> Work request
The lines below starting at the line containing "穆斯卡特称赞颜骏凌表现出色球队阵容老中青搭配合理" and ending at the line containing "十全十美生肖指什么生肖" are to be repeated exactly, with both ends kept and nothing else added.

=== Data for review ===

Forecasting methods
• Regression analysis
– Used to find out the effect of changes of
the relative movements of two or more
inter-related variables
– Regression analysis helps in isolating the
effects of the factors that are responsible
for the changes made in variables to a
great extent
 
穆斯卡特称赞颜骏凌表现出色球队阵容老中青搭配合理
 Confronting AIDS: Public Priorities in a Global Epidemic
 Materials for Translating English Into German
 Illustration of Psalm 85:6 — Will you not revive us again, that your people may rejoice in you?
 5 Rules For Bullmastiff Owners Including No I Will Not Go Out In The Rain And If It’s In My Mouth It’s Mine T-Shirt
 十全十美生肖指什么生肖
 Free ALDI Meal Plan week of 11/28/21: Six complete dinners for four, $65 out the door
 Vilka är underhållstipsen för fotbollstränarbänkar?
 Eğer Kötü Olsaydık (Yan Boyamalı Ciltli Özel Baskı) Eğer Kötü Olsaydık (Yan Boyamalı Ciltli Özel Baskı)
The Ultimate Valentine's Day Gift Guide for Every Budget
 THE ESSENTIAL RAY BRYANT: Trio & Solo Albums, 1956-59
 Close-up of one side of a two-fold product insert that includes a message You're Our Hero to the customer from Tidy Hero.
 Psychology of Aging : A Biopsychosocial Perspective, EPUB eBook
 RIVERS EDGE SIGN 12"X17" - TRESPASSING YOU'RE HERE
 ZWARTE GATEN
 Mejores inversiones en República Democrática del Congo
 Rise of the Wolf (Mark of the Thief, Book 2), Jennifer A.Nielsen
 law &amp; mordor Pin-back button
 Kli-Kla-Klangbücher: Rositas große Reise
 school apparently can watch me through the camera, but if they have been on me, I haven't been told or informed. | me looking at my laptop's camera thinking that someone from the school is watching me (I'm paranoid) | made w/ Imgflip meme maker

===

> Task result
穆斯卡特称赞颜骏凌表现出色球队阵容老中青搭配合理
 Confronting AIDS: Public Priorities in a Global Epidemic
 Materials for Translating English Into German
 Illustration of Psalm 85:6 — Will you not revive us again, that your people may rejoice in you?
 5 Rules For Bullmastiff Owners Including No I Will Not Go Out In The Rain And If It’s In My Mouth It’s Mine T-Shirt
 十全十美生肖指什么生肖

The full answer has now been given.